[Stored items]
========================
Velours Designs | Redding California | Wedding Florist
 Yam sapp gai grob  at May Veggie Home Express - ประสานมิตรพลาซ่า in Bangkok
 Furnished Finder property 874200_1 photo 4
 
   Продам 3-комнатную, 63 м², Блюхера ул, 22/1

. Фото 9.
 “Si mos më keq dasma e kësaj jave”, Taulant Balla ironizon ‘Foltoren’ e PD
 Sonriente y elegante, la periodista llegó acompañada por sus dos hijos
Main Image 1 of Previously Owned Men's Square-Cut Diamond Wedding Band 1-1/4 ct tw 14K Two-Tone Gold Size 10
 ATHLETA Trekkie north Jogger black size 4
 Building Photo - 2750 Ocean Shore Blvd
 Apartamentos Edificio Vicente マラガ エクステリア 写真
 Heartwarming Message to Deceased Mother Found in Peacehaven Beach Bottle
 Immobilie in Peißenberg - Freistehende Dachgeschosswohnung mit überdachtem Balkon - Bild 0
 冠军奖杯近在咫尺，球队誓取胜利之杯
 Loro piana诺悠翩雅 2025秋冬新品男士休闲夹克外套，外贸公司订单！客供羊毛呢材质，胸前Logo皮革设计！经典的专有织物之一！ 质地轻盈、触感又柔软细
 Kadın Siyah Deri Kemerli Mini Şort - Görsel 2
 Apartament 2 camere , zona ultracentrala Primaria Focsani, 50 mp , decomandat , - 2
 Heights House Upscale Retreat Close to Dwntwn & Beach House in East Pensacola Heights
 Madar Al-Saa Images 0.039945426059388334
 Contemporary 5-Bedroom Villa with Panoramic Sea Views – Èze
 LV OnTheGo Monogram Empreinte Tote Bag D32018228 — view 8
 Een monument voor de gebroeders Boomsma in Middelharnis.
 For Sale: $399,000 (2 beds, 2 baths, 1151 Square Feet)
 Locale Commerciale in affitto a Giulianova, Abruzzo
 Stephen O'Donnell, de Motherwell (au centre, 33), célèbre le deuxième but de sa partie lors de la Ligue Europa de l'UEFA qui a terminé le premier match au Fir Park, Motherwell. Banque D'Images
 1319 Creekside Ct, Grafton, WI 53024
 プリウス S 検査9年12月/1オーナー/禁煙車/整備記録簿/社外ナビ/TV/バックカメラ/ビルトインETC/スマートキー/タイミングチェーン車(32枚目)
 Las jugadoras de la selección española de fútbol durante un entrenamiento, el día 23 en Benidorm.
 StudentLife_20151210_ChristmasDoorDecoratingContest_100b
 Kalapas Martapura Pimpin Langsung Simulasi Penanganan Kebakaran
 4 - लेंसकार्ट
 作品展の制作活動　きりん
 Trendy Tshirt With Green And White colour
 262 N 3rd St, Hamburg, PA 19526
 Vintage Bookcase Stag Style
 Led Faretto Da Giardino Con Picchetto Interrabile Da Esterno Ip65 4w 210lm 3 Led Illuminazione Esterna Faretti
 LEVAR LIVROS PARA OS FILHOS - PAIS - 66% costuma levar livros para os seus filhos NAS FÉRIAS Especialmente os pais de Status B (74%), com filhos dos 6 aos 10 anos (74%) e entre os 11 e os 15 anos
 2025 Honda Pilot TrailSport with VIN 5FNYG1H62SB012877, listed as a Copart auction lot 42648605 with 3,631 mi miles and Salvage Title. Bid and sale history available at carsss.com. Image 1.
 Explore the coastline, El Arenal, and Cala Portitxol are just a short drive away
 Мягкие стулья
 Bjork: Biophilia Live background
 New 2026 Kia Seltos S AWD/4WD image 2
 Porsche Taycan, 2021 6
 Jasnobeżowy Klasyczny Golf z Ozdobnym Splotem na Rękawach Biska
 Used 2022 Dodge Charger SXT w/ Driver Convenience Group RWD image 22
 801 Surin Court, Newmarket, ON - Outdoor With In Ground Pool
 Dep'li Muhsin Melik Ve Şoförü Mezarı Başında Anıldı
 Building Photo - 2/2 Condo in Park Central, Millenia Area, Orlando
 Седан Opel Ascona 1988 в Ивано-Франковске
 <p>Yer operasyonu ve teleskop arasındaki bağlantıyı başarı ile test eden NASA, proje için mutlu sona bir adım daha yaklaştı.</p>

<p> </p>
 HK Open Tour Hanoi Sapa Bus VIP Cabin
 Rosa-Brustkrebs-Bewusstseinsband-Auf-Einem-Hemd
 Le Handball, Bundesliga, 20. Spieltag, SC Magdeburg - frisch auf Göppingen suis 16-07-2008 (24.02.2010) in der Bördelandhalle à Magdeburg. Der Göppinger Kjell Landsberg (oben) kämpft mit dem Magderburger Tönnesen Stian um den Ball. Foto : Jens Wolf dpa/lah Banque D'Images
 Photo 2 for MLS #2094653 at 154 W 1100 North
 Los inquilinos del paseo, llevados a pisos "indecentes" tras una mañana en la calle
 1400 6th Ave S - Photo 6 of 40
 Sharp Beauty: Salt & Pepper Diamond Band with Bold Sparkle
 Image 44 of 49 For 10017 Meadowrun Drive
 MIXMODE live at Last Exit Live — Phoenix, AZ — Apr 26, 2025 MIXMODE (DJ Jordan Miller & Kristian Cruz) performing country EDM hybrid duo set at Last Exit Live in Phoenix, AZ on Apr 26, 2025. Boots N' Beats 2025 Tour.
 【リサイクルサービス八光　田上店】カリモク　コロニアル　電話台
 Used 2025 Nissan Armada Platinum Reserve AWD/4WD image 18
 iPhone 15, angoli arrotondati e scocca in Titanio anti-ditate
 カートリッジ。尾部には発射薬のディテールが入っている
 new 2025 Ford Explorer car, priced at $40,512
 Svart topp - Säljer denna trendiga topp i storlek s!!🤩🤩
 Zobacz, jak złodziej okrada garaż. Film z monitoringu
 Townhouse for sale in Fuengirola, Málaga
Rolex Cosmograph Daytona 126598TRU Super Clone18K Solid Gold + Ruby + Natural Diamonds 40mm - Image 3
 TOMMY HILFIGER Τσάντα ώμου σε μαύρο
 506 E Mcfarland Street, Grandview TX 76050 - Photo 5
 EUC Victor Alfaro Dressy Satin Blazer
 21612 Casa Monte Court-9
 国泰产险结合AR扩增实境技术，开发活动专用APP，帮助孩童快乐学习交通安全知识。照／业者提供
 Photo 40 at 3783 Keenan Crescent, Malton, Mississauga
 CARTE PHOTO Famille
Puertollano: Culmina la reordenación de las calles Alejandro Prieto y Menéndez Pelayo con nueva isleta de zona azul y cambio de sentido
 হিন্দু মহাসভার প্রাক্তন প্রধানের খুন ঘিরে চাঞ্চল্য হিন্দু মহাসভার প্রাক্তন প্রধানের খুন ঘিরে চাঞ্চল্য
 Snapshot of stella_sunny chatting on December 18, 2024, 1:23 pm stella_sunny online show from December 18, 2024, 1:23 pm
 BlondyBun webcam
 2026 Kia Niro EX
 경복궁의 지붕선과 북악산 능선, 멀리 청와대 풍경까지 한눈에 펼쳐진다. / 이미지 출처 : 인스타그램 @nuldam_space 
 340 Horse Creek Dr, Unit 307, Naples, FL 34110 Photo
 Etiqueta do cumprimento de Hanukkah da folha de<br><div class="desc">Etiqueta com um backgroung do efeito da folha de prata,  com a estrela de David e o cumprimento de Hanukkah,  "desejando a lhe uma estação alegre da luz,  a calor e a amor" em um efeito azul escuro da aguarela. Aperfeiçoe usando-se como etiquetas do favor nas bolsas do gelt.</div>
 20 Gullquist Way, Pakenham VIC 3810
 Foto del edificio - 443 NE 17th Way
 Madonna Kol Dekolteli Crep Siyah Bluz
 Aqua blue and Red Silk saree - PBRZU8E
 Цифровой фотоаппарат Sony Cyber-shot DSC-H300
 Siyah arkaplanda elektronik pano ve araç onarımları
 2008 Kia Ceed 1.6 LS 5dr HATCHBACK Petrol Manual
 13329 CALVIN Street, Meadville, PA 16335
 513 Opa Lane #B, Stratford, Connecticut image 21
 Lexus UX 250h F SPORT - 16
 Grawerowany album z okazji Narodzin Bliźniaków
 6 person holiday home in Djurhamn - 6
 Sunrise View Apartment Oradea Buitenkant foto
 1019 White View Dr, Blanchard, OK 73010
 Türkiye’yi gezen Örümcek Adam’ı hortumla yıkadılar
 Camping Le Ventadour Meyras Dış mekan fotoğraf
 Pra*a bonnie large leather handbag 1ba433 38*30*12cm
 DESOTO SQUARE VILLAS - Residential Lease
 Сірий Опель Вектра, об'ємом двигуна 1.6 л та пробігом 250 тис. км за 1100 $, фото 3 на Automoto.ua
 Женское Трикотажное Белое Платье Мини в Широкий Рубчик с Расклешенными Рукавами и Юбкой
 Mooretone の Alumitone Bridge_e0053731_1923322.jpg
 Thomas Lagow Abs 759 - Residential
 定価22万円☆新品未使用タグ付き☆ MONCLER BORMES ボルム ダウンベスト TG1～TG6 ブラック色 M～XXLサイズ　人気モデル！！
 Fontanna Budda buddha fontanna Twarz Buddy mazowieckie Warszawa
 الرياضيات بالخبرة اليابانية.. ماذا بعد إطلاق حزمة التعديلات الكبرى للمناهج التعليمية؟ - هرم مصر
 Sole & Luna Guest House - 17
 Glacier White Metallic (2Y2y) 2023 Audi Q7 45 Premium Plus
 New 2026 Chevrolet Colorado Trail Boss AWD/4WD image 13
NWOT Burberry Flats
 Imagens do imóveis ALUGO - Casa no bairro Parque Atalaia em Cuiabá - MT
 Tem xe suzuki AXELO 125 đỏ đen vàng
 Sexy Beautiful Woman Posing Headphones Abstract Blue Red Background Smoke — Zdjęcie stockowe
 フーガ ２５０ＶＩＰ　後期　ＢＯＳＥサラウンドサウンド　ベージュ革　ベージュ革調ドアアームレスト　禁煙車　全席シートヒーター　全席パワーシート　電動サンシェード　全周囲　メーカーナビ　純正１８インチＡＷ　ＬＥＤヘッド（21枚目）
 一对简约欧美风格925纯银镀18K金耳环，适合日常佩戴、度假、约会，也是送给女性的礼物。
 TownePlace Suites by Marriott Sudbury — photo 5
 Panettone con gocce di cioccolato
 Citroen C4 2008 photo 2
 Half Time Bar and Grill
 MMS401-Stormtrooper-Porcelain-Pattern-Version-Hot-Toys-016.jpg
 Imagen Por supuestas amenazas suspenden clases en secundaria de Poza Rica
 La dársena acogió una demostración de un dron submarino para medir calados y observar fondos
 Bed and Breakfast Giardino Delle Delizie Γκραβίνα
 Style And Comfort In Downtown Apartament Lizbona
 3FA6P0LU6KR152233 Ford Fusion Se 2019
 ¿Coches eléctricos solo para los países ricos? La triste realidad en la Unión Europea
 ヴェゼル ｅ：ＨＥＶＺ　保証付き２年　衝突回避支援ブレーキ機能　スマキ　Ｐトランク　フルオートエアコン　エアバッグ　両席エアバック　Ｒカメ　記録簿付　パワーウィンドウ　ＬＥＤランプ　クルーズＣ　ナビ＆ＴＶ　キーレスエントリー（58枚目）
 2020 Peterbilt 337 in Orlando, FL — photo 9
========================
:: Work order ::
In the entries above, the lines from the one bearing "MMS401-Stormtrooper-Porcelain-Pattern-Version-Hot-Toys-016.jpg" up to and including the one bearing "la Unión Europea" should be transcribed exactly; no other line is wanted.

:: Reply to the task ::
 MMS401-Stormtrooper-Porcelain-Pattern-Version-Hot-Toys-016.jpg
 Imagen Por supuestas amenazas suspenden clases en secundaria de Poza Rica
 La dársena acogió una demostración de un dron submarino para medir calados y observar fondos
 Bed and Breakfast Giardino Delle Delizie Γκραβίνα
 Style And Comfort In Downtown Apartament Lizbona
 3FA6P0LU6KR152233 Ford Fusion Se 2019
 ¿Coches eléctricos solo para los países ricos? La triste realidad en la Unión Europea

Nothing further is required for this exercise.